Cybercrime risk and how to mitigate it is routinely discussed at NeuGroup meetings, and the common argument that because successful attacks are inevitable companies must focus on minimizing the damage appears to be holding water. That’s because just about all types of cyberattacks are increasing, according to a report from security software provider Symantec.
In a June presentation, Kevin Haley, director security response at the Fortune 500 company, introduced the findings of its 2018 Internet Security Threat Report by noting that the top 100 free applications for Apple and Android phones request access to the phones camera and microphone, and the ability to read photos, other media, and files.
“That seems ridiculous. Why would a flashlight app need those permissions?” Mr. Haley said, proceeding to then remind listeners that technology companies generate revenue by selling the consumer data those applications collect.
He also noted that Symantec recently scattered “lost” smart phones in random urban settings to test what people would do with them, revealing a few important insights. One, the strangers didn’t hesitate searching for the smart phone for personal information, including financial information and personal photos; and two, the ability to track the smart phone’s whereabouts displayed where the strangers worked, lived and ate lunch—essentially revealing their identity.
His description illustrated the ease with which software today can collect data, often without the device user ever knowing. Mr. Haley went on to discuss Symantec’s cyber-attack findings:
Why corporates should root for cryptocurrencies increasing in value. Symantec found that rising cryptocurrency prices in 2017 resulted in a dramatic increase of “cryptojacking” incidents, when cyber criminals surreptitiously mine for bitcoin and other crypto coins on victims’ devices. Those incidents fell last year alongside crypto-currency prices, and cyber criminals turned their attention to the types of attacks that are of more concern to companies. The price of bitcoin, the most common cryptocurrency, has skyrocketed this year, perhaps easing attacks on corporate systems.
Formjacking credit-card details increases. One area where cyber-criminals increased focus last year was “formjacking,” when they insert malicious JavaScript code to steal credit card details and other information from the checkout web page of eCommerce websites, putting many companies at higher risk. Symantec found that 4,818 unique websites were compromised each month in 2018, and its software blocked more than 3.7 million attempts, with a rush of attacks occurring in November and December. British Airways, Ticketmaster and British electronic retailer Kitronik and contact lens seller VisionDirect were each breached. “The surge in formjacking attacks in 2018 reinforced how the supply chain can be a weak point for online retailers and eCommerce sites,” Symantec says.
Sneaking in via supply chains. Symantec says the increase in formjacking reflects the growth in what it refers to as “supply chain” attacks, which it says increased by 78% in 2018 from the year before. Those attacks exploit third-party services and software to compromise a final target, such as a corporate eCommerce website. The attacks take many forms, Symantec says, including hijacking software updates and injecting malicious code into legitimate software. “Developers continue to be exploited as a source of supply-chain attacks, either through attackers stealing credentials for version control tools, or by attackers compromising third-party libraries that are integrated into larger software projects.
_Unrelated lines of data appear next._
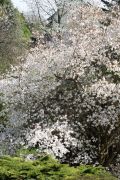 IMG_4995.JPG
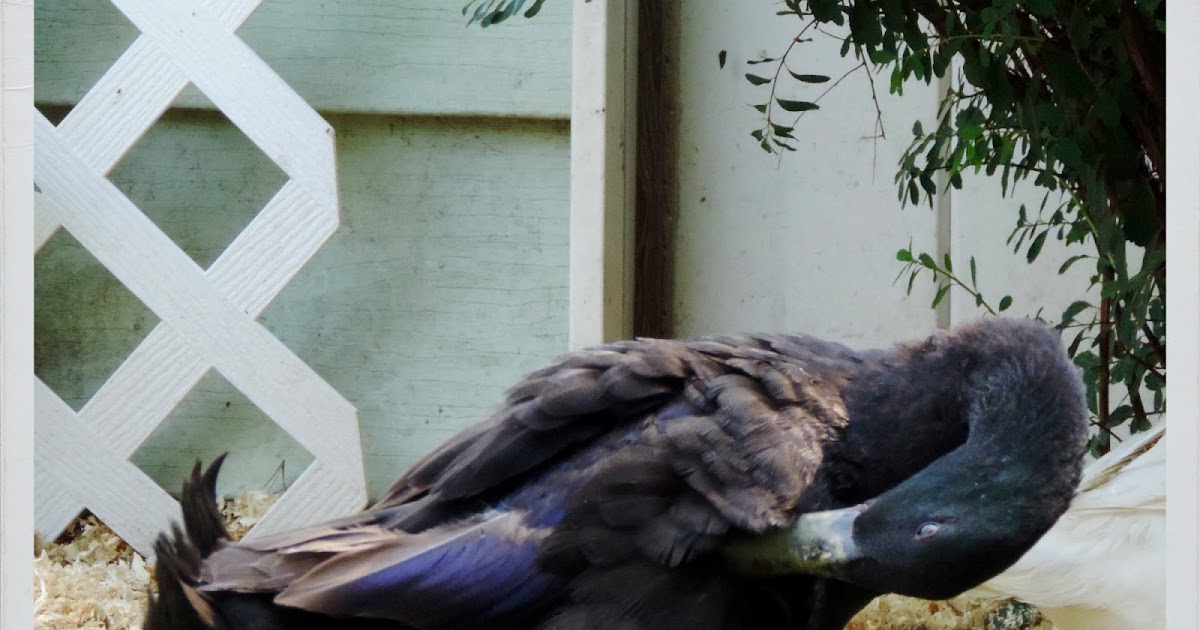 Augie March King of Doodles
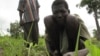 A laborer tends to a field in the Central African Republic (file)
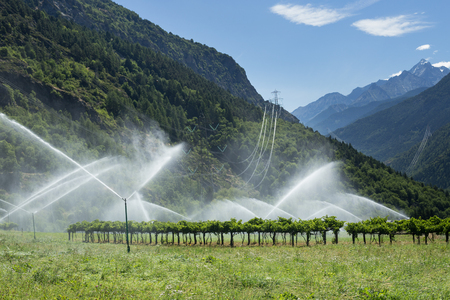 sprinkler system watering mountain vineyard and grape arbor, mountains in backgroundの写真素材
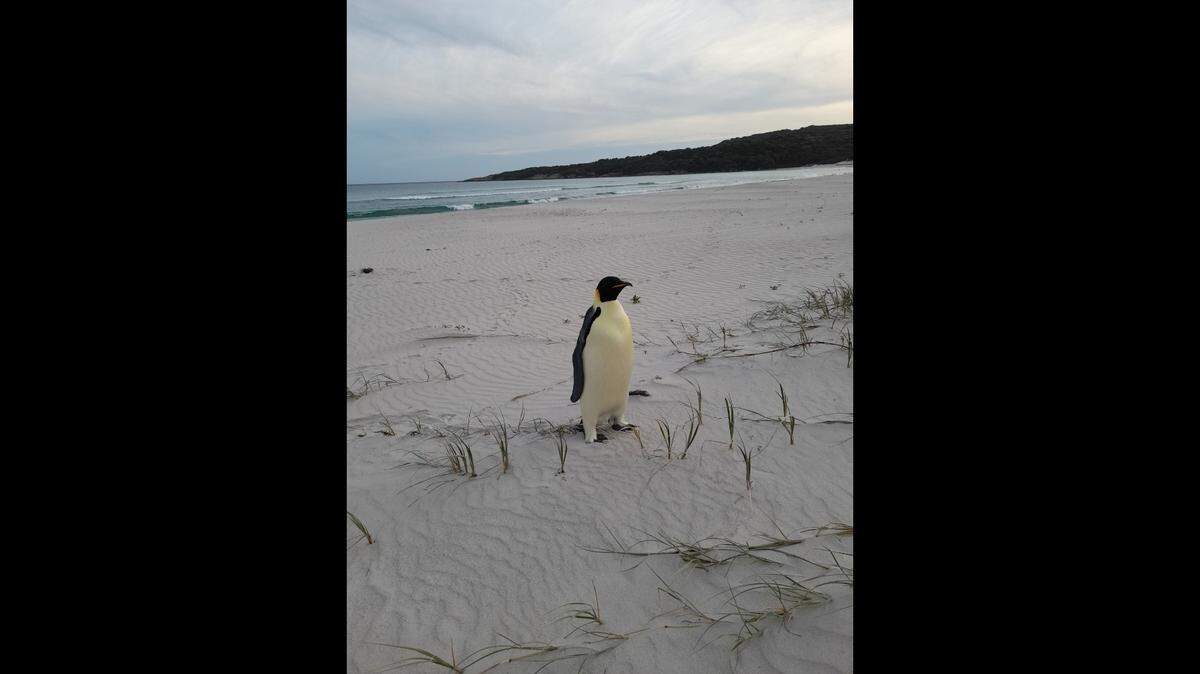 A beachgoer in Western Australia spotted a lost emperor penguin. Wildlife experts rescued the malnourished Antarctic bird and took it to rehabilitation center.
Living off the land. Attackers are opting for off-the-shelf tools and operating system features to conduct attacks, Symantec says, with Microsoft Office files accounting for 48% of all malicious email attachments, up from only 5% the year before. They typically used macros in Office files as the preferred method to propagate malicious payloads, while experimenting with malicious XML files and Office file with DDE payloads.